With that stiff upper lip Brits were accused of having, she said simply, “Chase?”
“You’ve grown up.” His gaze traveled over her suit, seemed to linger on her tiny waist, then idled on her long, straight brown hair. She wondered if he could see all the questions in her hazel eyes. She wondered if he had any idea of what seeing him again did to her—increased her heart rate and brought back vivid pictures of the two of them together, but, most of all, squeezed her heart until it hurt.
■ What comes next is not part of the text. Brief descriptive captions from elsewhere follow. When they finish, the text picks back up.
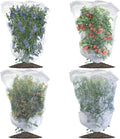 Evoio Bird Netting for Garden Blueberry Bushes Fruit Tree Netting Cover Plant Protection Mesh Bags with Drawstring, 4 Pack 4.6 x 5.9 ft Shrubs Bush Tomato Strawberry Berry Barrier Protectors Net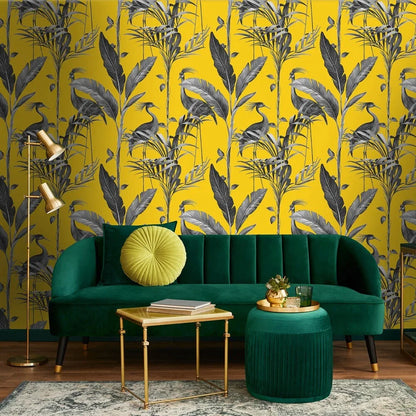 Belgravia Azzurra Leaf  Wallpaper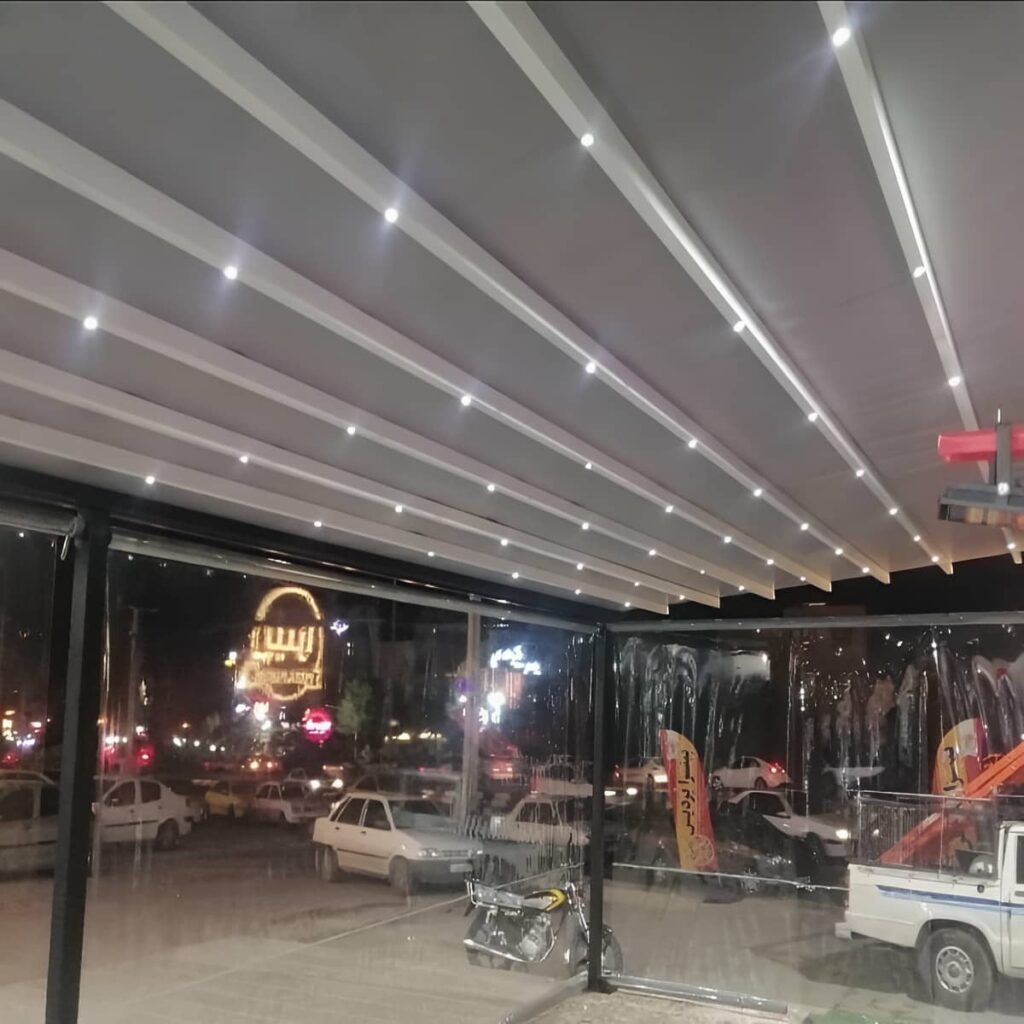 اجرای سقف متحرک با سازه آلومینیومی
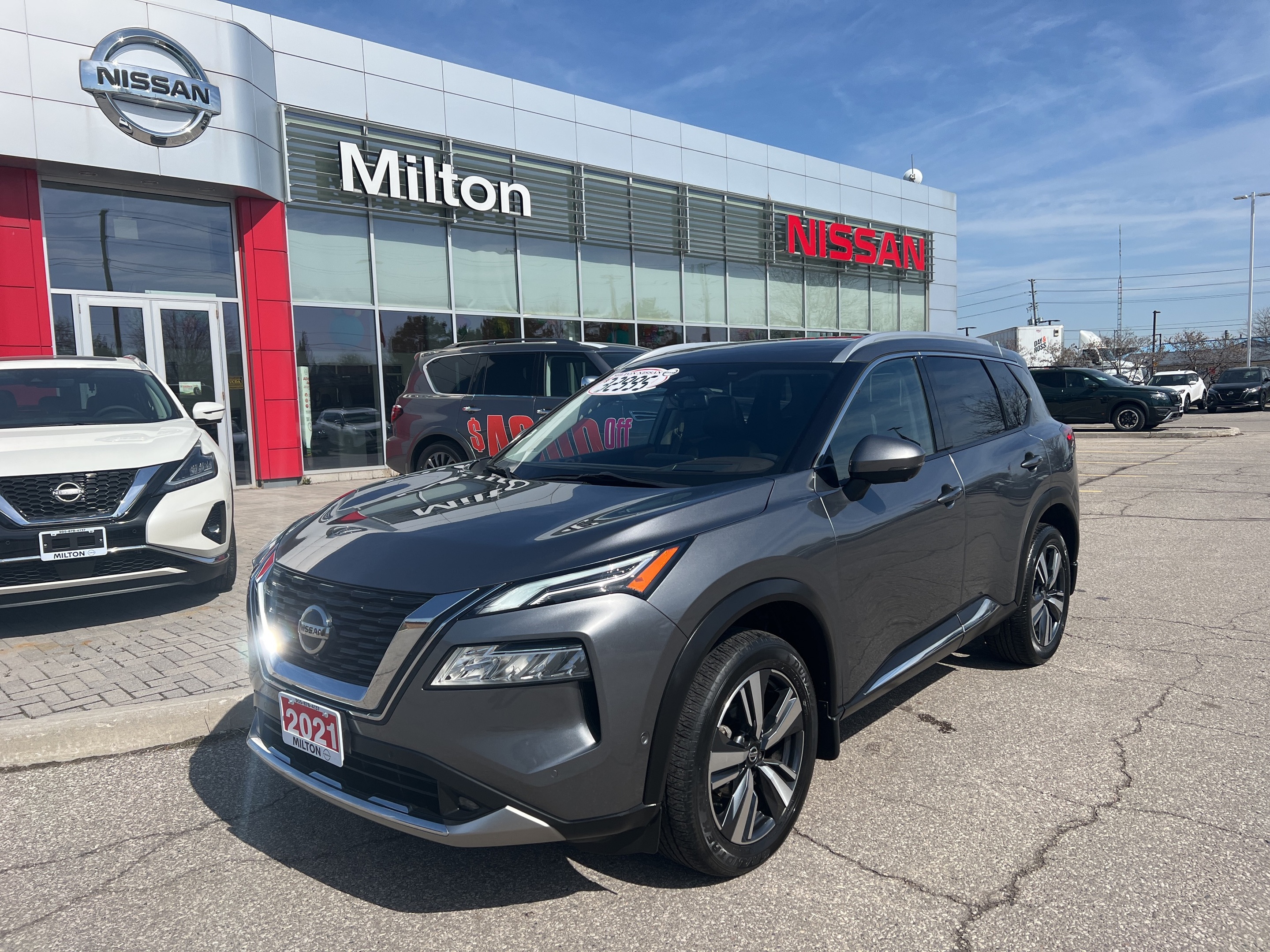 2021 Nissan Rogue Platinum/Leather/Navigation/AWD only 34,000 km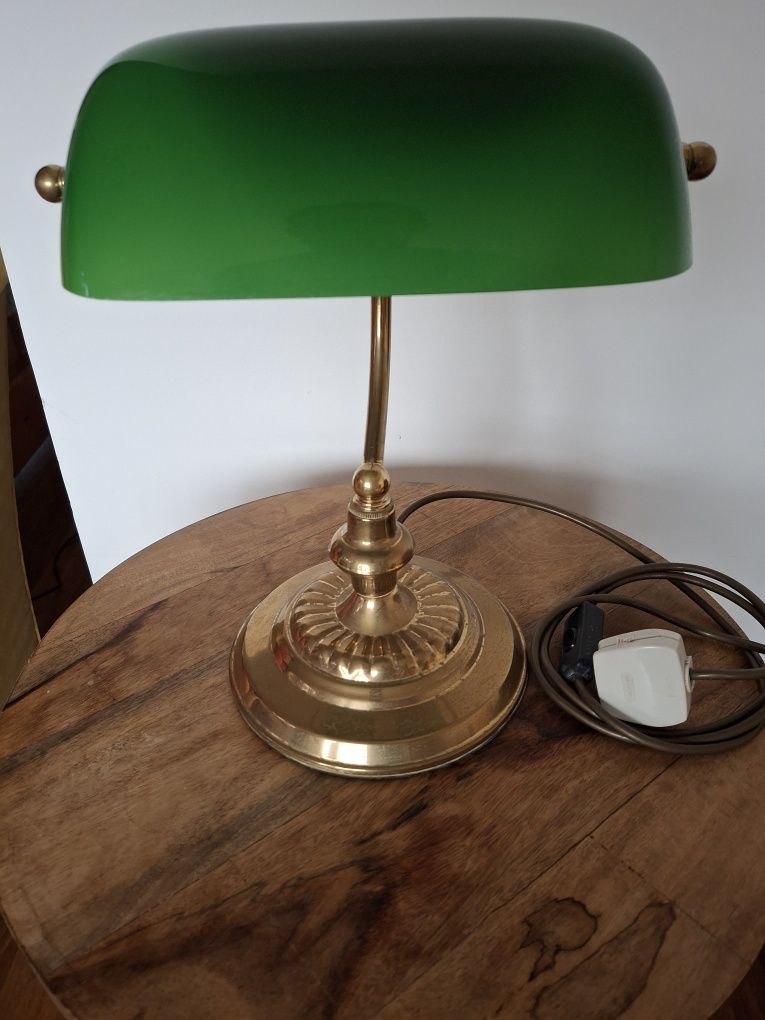 Stara lampka na biurko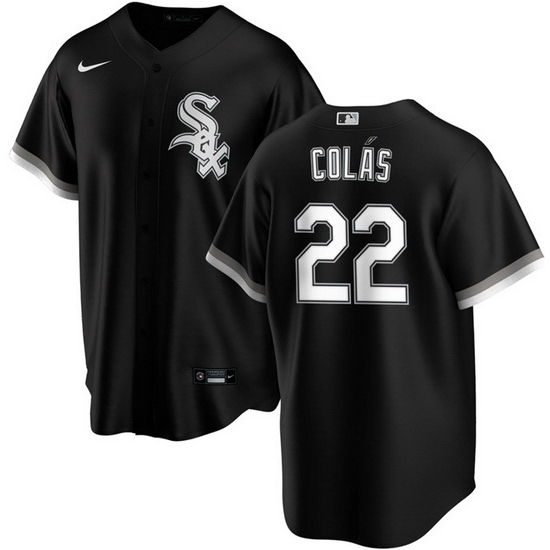 Men Chicago White Sox 22 Oscar Col E1s Black Cool Base Stitched Jersey Men Chicago White Sox 22 Oscar Col E1s Black Cool Base Stitched Jersey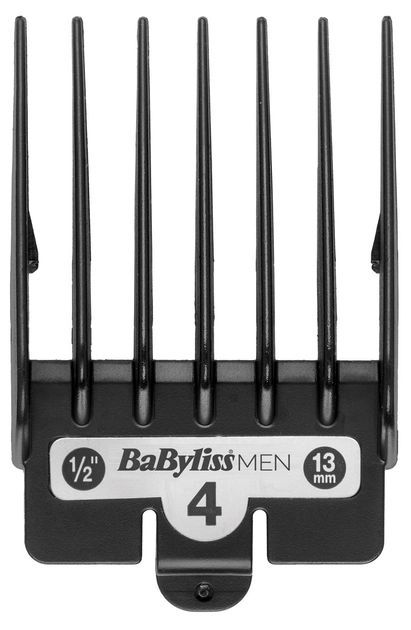 Машинка для стриження  Babyliss, мережа+акум., вібраційний мотор, насадок-10, кейс, чохол, гребінець у компл., сталь, сірий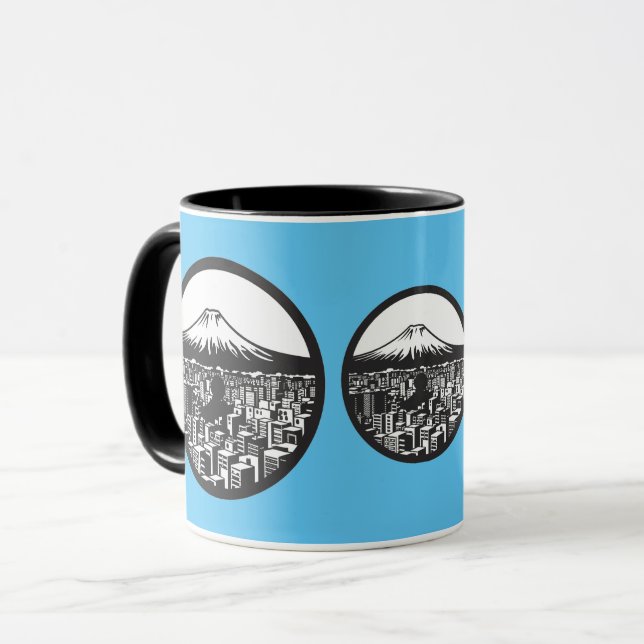 Taza mount fuji,japan,mug (Anverso izquierdo)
He nodded to the corner beside the elevators that was away from the doors, Irv’s counter and everyone else for the time being. She walked with him and stood beside a potted palm.
Before she could ask a question, he inquired, “Do you know how hard it is to track you down, even though you and your family and your stories are spread across the tabloids?”
Lucie was flummoxed. So he’d kept up with articles in the tabloids as if they were true.
He went on. “I thought you were in London. Then I found out you were in Horseback Hollow. After consulting a PI, I learned you were here in Austin, where my father’s company is located. If you only knew how much time I wasted—”
After all these years, he was acting as if seeing her was an emergency. “My life is full of people and activities, as I imagine yours is.”
“I don’t globe-trot. I was beginning to have visions of my traveling to some developing country to see you.”
“Would that have been so bad?” she asked, sensing his agitation but still not understanding any of it.
He took off his Stetson, ran his hand through his thick hair and shook his head. “None of that came out right. I read the stories about your work with orphans and refugees. I know you and your mother are selfless in your cause. But I had to find you.”
“Why such urgency?”
“Because...” he started. He leaned close and lowered his voice to a whisper. “We’re still married.”
Chase felt as if he’d been kicked in the gut. Lucie Fortune Chesterfield was even more beautiful now than she’d been at seventeen. That glossy, dark-brown hair and those expressive hazel eyes... He remembered the dimple that only appeared when she smiled, but she wasn’t smiling now. She looked worried and upset and very pale.
She confirmed some of his conclusion when she warned him, “Come up to my apartment so no one overhears us or sees us.”
She was obviously worried about information getting into the wrong hands. He knew the paparazzi hounded her family. Put an earl in your background, or a sir, as in Sir Simon Chesterfield, her father, and the press thought the whole world wanted to read about you. Maybe they did.
Lucie pressed the elevator button with an impatient finger as she snuck a glance at him. He wanted to smile at her, but he had a feeling this was no smiling matter.
“We’ll get it worked out,” he said in a low voice.
Chase had been twenty-one and a group leader when he and Lucie had secretly married in Scotland. There, at seventeen, Lucie hadn’t needed permission. However, another member of her tour group had caught them disrobed in Chase’s hostel room and reported them. Chase’s father had swooped in with a lawyer and confidentiality agreements with promises of an annulment. Everyone had been sworn to secrecy.